(Caption-style text data)
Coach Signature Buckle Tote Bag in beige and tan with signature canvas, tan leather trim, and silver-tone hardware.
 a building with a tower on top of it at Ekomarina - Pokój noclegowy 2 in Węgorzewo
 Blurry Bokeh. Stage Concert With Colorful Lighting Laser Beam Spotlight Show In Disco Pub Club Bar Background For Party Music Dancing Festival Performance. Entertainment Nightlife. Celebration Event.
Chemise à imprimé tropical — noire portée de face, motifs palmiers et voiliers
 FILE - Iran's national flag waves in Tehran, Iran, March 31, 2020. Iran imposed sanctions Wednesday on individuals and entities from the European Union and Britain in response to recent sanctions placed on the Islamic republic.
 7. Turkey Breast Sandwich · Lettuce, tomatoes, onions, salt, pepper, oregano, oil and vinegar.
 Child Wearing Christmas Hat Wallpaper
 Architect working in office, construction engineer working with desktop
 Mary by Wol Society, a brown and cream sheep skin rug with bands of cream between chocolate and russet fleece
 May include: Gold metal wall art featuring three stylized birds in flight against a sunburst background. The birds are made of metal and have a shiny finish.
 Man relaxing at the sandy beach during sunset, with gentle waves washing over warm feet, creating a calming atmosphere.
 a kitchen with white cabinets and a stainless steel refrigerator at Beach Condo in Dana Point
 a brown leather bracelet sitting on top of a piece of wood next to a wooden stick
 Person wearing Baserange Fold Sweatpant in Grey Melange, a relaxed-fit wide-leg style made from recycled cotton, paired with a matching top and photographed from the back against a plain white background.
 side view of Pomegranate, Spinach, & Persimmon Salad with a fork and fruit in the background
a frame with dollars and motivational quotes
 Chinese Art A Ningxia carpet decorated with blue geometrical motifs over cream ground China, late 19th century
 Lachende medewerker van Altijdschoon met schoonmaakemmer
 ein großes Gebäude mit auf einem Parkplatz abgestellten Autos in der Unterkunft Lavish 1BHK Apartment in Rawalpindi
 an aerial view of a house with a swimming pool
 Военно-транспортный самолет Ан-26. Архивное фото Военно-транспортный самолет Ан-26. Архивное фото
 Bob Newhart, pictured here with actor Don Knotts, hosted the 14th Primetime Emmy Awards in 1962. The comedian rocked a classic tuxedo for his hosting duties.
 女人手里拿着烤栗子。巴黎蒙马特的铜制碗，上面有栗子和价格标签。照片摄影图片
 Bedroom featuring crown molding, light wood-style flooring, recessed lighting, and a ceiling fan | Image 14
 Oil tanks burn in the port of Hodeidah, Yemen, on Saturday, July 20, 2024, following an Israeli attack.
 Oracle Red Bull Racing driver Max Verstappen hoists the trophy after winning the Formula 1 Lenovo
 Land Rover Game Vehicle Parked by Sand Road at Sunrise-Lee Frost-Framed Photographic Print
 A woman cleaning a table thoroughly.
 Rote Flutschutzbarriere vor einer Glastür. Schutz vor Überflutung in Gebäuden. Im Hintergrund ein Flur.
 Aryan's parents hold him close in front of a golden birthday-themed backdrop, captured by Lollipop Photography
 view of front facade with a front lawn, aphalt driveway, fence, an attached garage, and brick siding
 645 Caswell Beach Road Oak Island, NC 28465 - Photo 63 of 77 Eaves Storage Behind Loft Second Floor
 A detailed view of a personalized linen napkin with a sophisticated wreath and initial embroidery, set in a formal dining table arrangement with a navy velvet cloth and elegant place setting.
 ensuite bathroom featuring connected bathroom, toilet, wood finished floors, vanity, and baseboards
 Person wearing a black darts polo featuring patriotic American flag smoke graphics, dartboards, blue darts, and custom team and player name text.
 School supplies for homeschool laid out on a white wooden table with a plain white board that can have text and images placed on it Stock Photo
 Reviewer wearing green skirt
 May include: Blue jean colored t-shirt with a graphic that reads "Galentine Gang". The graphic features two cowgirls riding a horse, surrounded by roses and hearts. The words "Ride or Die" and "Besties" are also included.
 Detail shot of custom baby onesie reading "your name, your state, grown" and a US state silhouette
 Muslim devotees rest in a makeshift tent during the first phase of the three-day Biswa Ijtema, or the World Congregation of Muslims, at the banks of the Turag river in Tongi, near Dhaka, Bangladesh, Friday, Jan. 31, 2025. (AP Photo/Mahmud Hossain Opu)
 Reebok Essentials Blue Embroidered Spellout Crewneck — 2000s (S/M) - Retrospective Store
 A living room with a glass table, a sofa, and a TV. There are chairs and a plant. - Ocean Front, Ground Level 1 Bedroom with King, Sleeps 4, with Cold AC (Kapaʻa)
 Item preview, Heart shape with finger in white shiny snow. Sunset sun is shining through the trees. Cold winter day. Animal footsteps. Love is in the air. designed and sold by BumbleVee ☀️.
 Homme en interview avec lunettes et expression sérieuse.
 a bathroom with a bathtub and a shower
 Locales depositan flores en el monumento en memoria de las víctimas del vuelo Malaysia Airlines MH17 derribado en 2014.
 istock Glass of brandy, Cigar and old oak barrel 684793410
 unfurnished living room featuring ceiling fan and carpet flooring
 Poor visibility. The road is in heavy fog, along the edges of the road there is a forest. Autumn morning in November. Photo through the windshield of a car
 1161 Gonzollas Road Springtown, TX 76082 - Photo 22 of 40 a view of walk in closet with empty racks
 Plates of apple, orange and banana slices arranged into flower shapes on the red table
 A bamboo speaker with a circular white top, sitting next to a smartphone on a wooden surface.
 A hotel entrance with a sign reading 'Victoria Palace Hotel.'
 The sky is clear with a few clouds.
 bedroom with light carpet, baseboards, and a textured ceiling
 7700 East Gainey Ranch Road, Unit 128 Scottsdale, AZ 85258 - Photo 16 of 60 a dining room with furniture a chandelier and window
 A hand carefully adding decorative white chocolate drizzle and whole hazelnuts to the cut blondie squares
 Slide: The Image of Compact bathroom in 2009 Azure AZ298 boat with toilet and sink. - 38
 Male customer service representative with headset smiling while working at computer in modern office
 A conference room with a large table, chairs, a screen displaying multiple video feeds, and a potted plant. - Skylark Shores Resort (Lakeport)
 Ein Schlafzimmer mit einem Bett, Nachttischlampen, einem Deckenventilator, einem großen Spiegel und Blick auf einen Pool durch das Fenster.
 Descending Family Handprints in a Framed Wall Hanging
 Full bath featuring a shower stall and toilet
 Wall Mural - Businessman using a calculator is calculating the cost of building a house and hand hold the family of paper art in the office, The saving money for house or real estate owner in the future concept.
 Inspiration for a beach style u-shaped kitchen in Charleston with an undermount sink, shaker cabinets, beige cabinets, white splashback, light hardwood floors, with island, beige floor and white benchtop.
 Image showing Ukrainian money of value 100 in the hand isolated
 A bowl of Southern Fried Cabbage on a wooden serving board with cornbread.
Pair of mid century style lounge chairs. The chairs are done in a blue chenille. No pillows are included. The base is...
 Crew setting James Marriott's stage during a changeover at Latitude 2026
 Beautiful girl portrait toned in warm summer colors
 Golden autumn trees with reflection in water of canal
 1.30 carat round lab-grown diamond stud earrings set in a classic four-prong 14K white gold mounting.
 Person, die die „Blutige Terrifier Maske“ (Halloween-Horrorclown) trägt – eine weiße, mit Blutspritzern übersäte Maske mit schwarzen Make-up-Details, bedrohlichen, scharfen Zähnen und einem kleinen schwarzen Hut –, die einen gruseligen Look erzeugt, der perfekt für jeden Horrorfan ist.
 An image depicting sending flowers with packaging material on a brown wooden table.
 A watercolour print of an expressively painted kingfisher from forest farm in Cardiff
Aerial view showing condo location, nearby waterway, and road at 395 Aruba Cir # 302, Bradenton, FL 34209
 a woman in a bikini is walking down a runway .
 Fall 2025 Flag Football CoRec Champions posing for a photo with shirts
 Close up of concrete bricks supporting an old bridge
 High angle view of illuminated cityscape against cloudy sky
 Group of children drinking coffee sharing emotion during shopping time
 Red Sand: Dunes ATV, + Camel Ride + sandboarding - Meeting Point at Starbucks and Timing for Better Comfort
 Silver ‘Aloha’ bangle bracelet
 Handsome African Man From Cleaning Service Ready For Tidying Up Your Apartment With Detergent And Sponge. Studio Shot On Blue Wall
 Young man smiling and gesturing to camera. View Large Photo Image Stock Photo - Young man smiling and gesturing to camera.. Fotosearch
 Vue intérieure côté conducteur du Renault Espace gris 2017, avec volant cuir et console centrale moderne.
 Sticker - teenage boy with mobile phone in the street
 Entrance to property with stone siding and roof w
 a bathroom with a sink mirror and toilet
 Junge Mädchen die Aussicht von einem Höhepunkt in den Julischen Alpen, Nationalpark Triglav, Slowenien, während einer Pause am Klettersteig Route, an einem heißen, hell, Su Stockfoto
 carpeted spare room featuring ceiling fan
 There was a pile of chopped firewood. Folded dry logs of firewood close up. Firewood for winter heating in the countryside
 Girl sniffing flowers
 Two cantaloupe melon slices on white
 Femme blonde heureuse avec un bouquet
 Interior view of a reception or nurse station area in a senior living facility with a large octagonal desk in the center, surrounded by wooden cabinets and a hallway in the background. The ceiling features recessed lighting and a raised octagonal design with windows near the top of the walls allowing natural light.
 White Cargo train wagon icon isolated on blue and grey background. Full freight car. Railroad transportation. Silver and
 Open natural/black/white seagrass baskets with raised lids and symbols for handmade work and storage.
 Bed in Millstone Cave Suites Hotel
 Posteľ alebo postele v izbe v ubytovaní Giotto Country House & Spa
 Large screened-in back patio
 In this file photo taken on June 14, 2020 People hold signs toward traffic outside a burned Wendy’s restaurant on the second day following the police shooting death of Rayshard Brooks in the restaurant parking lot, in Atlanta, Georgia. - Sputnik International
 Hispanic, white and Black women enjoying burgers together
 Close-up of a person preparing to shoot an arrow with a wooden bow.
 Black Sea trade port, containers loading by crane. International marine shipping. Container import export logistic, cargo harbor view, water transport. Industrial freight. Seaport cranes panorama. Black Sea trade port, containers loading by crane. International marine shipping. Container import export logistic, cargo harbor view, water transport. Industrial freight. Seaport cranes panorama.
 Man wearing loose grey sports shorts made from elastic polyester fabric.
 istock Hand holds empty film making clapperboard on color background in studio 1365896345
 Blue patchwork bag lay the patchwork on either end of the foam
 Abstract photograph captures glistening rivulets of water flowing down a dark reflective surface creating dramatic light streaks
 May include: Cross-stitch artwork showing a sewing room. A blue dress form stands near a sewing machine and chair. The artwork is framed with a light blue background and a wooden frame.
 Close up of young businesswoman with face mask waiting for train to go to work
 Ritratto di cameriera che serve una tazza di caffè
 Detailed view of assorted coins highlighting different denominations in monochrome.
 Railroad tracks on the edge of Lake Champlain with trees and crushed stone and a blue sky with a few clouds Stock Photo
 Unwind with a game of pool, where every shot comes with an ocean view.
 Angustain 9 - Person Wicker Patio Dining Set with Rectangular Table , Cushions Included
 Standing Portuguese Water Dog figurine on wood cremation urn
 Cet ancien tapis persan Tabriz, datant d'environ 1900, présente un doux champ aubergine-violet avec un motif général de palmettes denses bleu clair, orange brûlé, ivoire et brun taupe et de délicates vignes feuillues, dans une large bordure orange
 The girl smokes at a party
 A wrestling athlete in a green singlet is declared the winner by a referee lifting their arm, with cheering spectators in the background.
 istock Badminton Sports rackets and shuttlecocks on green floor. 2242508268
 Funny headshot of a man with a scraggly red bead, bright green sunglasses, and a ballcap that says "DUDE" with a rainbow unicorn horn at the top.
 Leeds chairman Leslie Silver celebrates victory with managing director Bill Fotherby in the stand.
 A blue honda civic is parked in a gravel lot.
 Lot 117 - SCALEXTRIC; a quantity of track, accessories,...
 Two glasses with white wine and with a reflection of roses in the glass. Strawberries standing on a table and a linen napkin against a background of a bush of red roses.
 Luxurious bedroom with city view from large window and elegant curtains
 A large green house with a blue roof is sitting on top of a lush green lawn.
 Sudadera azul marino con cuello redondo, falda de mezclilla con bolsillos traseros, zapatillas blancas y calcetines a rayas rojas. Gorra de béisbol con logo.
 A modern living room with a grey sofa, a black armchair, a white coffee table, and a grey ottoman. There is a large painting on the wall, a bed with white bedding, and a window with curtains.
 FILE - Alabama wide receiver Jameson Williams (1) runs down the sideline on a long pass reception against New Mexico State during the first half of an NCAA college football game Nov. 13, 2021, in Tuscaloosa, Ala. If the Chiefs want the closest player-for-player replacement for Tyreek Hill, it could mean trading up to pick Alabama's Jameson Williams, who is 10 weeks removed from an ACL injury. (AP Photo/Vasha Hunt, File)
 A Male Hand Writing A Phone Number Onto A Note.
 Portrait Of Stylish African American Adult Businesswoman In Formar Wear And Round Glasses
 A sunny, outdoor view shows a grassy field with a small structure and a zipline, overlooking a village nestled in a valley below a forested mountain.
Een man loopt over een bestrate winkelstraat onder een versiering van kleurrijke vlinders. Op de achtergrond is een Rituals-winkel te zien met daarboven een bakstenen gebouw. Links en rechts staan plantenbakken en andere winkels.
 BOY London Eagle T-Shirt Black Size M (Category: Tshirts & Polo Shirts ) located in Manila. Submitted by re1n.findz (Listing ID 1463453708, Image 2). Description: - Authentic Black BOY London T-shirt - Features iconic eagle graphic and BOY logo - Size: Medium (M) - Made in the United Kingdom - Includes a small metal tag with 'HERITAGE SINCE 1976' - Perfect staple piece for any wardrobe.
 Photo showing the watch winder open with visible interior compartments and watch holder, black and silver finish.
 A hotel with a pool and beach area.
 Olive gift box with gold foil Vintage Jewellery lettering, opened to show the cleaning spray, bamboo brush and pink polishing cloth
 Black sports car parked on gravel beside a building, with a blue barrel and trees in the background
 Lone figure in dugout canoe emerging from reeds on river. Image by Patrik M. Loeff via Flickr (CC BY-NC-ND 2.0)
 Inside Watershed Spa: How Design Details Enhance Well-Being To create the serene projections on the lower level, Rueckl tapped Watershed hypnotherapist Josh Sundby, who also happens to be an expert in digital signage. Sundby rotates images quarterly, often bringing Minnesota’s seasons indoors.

#### About this exercise:
Copy all lines from the entries that contain the word "bathroom".

#### Finished task:
 ensuite bathroom featuring connected bathroom, toilet, wood finished floors, vanity, and baseboards
 a bathroom with a bathtub and a shower
 Slide: The Image of Compact bathroom in 2009 Azure AZ298 boat with toilet and sink. - 38
 a bathroom with a sink mirror and toilet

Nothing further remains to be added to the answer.